Table & Query Types
Hudi table types define how data is stored and how write operations are implemented on top of the table (i.e how data is written). In turn, query types define how the underlying data is exposed to the queries (i.e. how data is read).
Figure: Tables & Queries
Hudi introduced the following table types, which are now used industry-wide, to reason about similar trade-offs.
Copy On Write : The Copy-on-Write (CoW) table type is optimized for read-heavy workloads. In this mode, record updates or deletes trigger the creation of new base files in a file group and there are no log files written. This ensures that each query reads only the base files, offering high read performance with no need to merge log files dynamically. While CoW tables are ideal for OLAP scans/queries, their write operations can be slower due to the overhead of rewriting base files during updates or deletes, even if small percentage of records are modified in each file.
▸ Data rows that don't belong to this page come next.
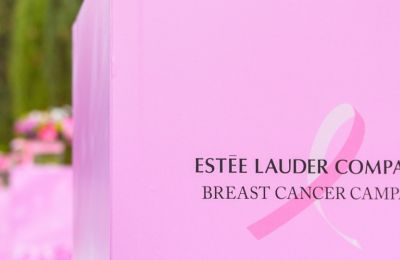 Η Estée Lauder Κύπρου φωταγώγησε την Πλατεία Ελευθερίας στα πλαίσια της Εκστρατείας Ενημέρωσης για τον καρκίνο του μαστού 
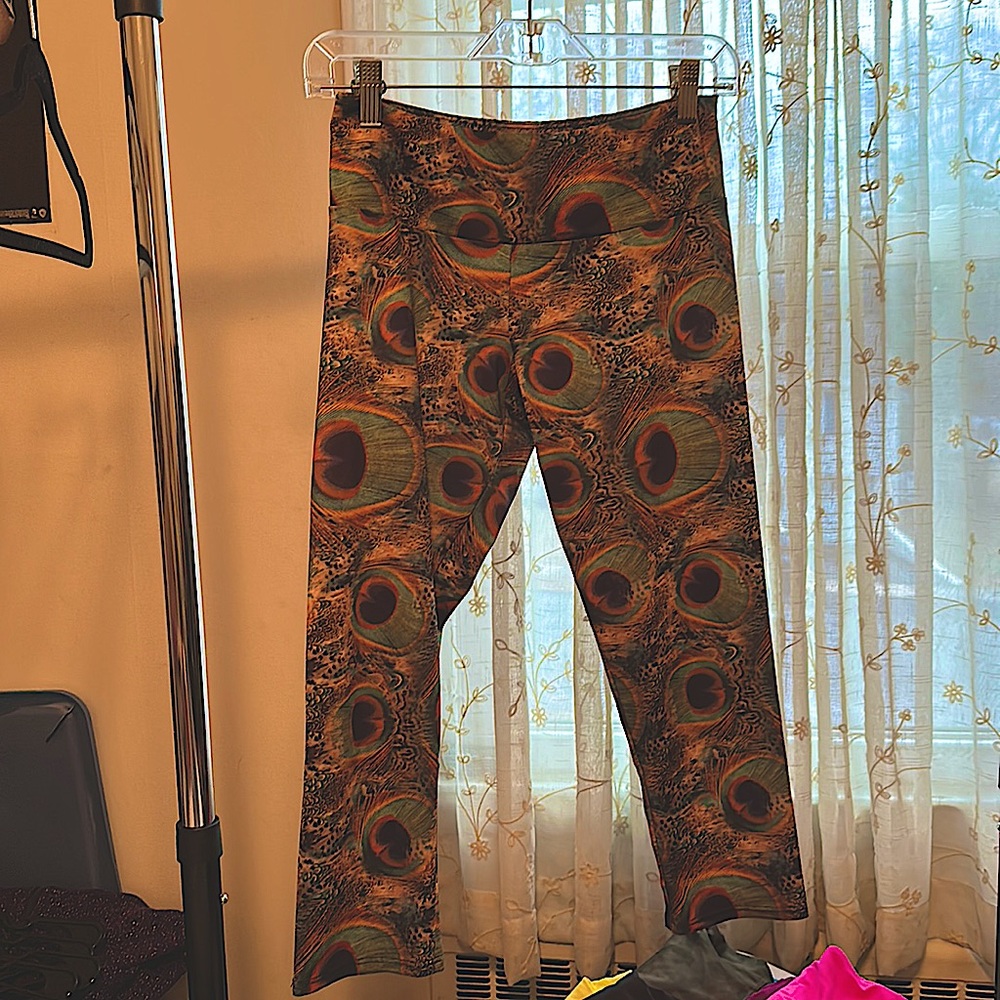 Onzie yoga signature peacock capri leggings. Women’s Size S/M!
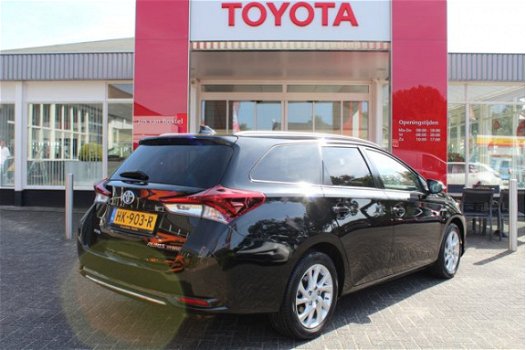 Toyota Auris Touring Sports - 1.8 Hybrid Lease PANORAMADAK/ NAVI/ ECC/ CRUISE/ CAMERA - 1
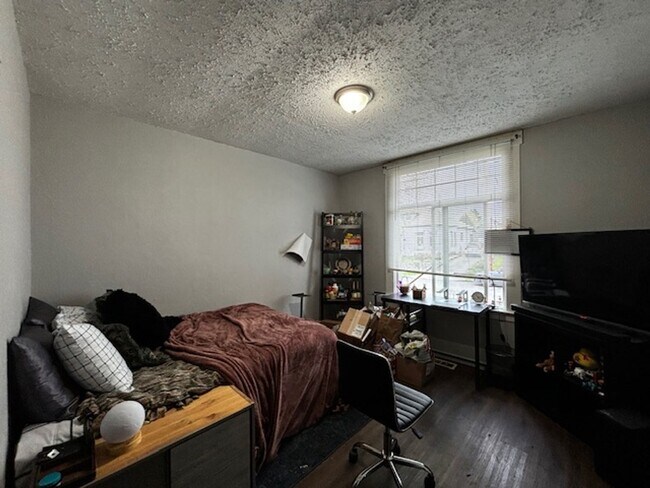 Building Photo - 6 Bedroom Lettered Streets House---Plank F...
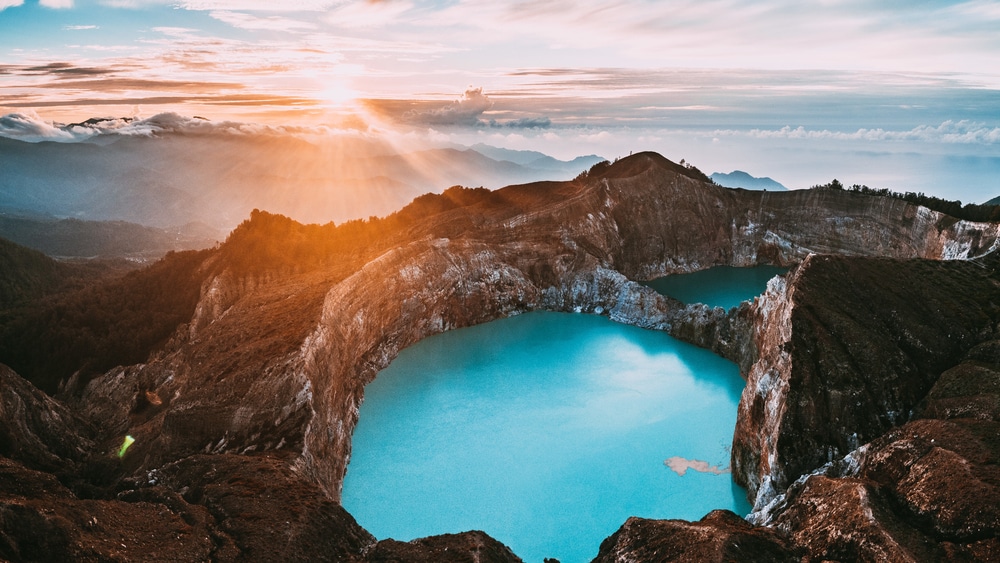 Mount Kelimutu Flores Indonesie Shutterstock 1763872409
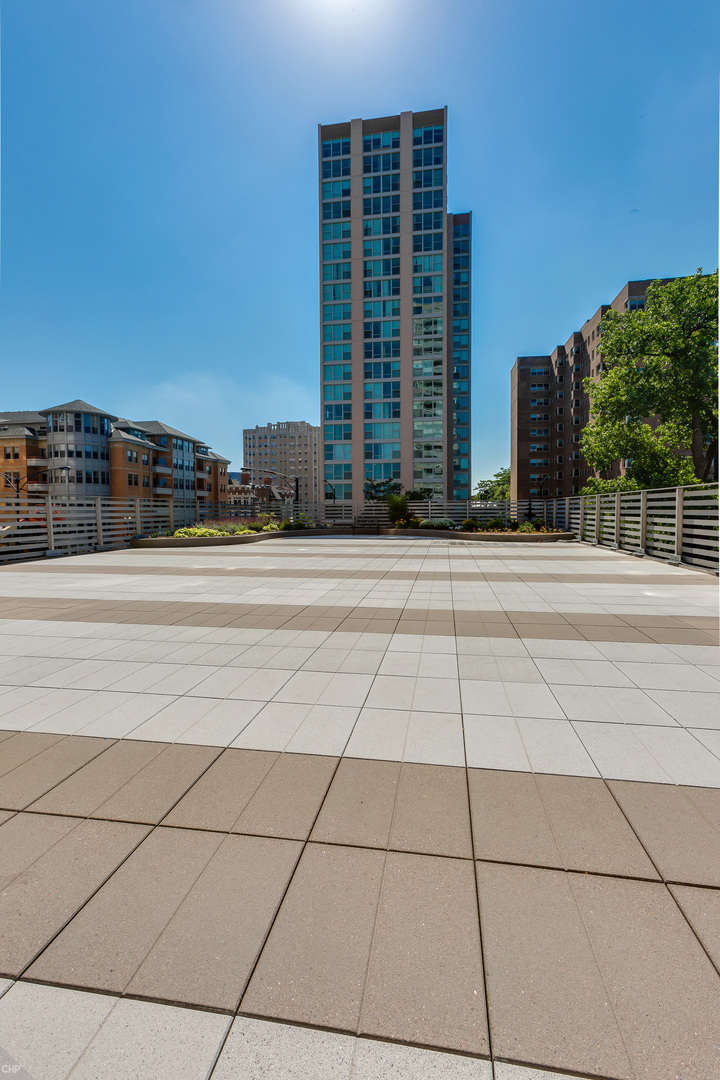 5601 North Sheridan Road, Unit 8A Chicago, IL 60660 - Photo 5 of 7 a view of a terrace
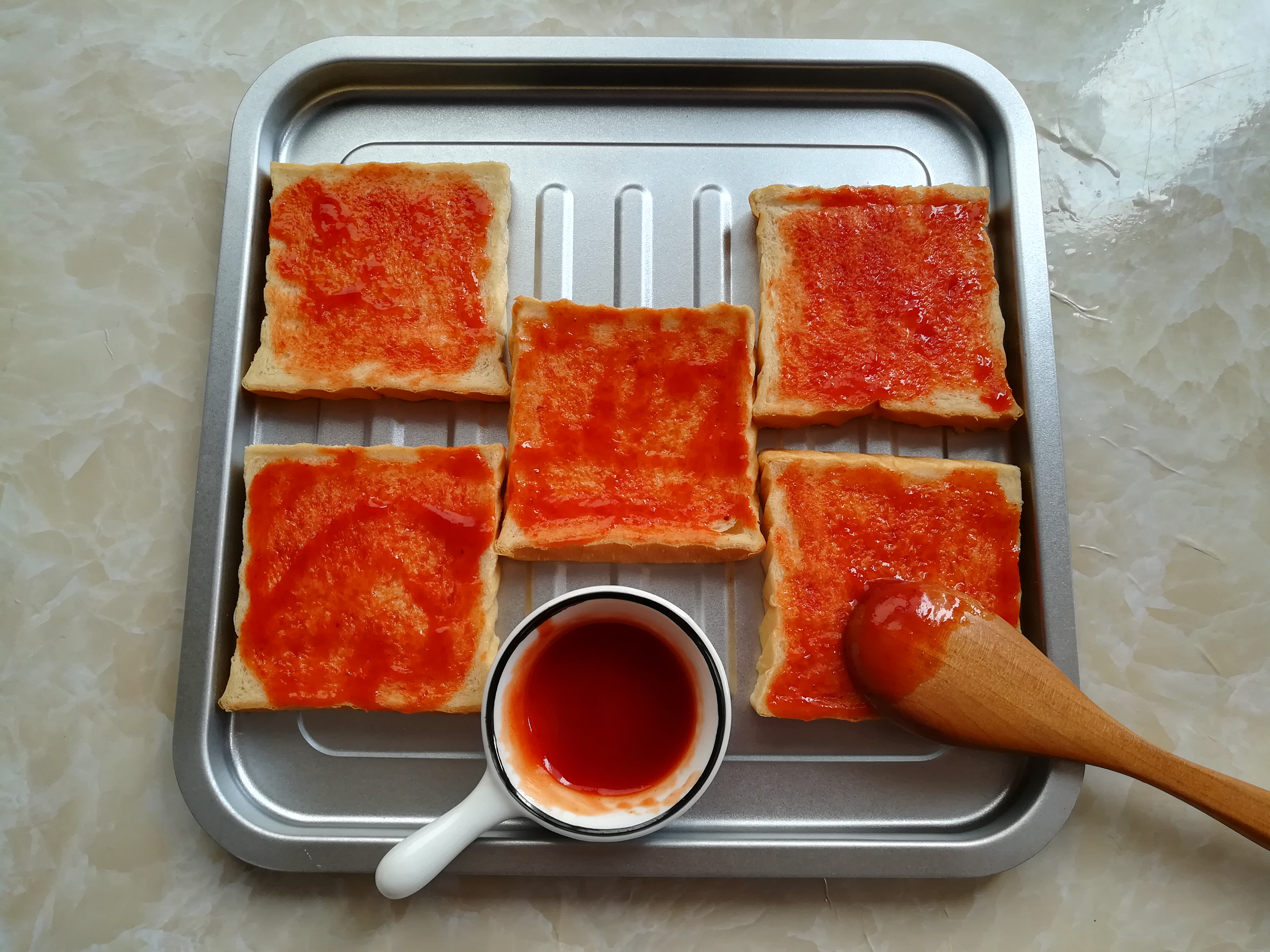 用吐司做迷你小披萨,如何用吐司做披萨简单又好吃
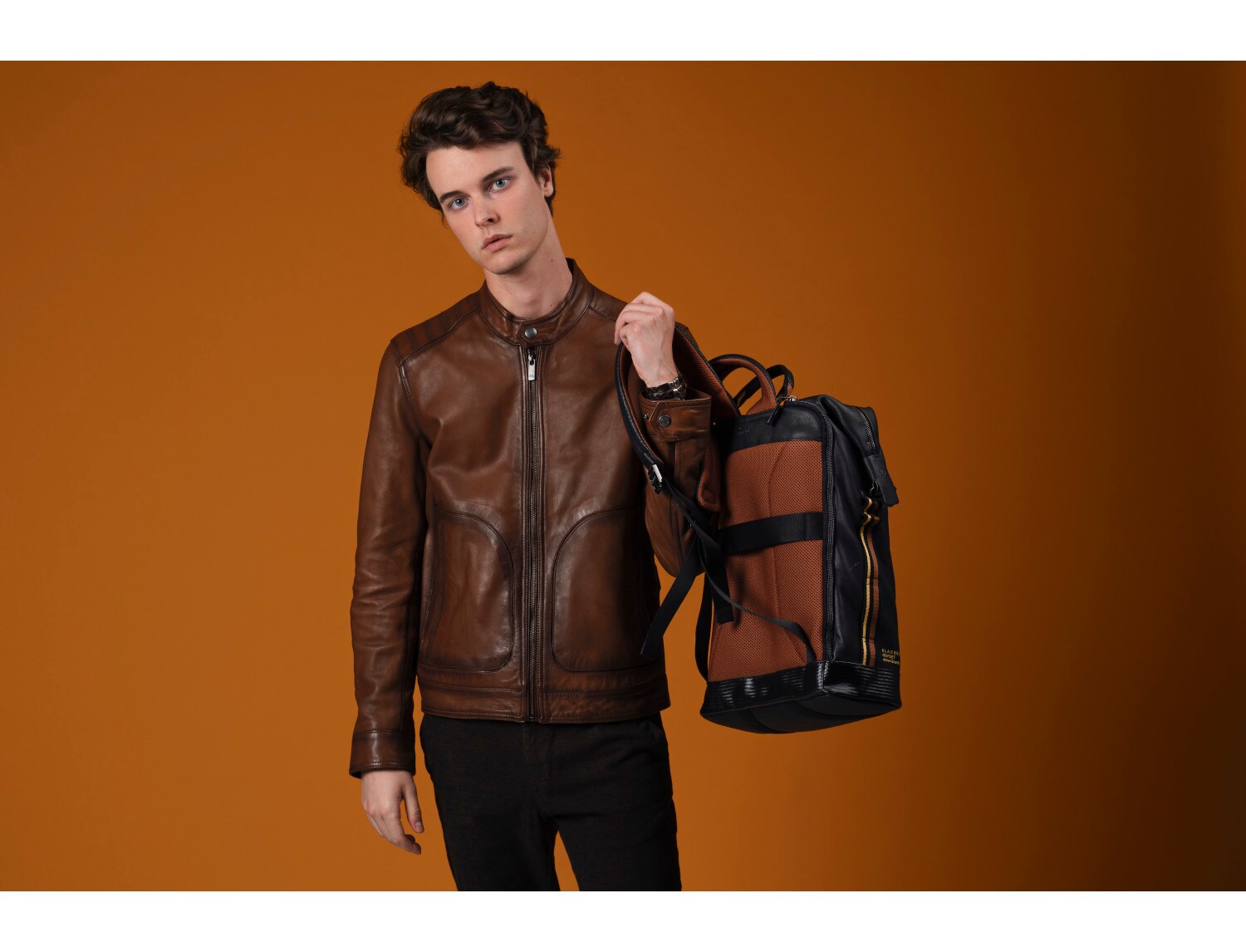Mochila de piel de hombre en color negro - Scharlau - Azul Azul-3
Merge On Read : The Merge-on-Read (MoR) table type balances the write and read performance by combining lightweight log files with the base file using periodic compaction. Data updates and deletes are written to log files (in row based formats like Avro or columnar/base file formats) and these changes in log files are then merged dynamically with base files during query execution. This approach reduces write latency and supports near real-time data availability. However, query performance may vary depending on whether the log files are compacted.
Core transactional capabilities like atomic writes, indexes as well as unique new features like incremental queries, automatic file-sizing and scalable table metadata tracking, are provided across both, independent of the table type.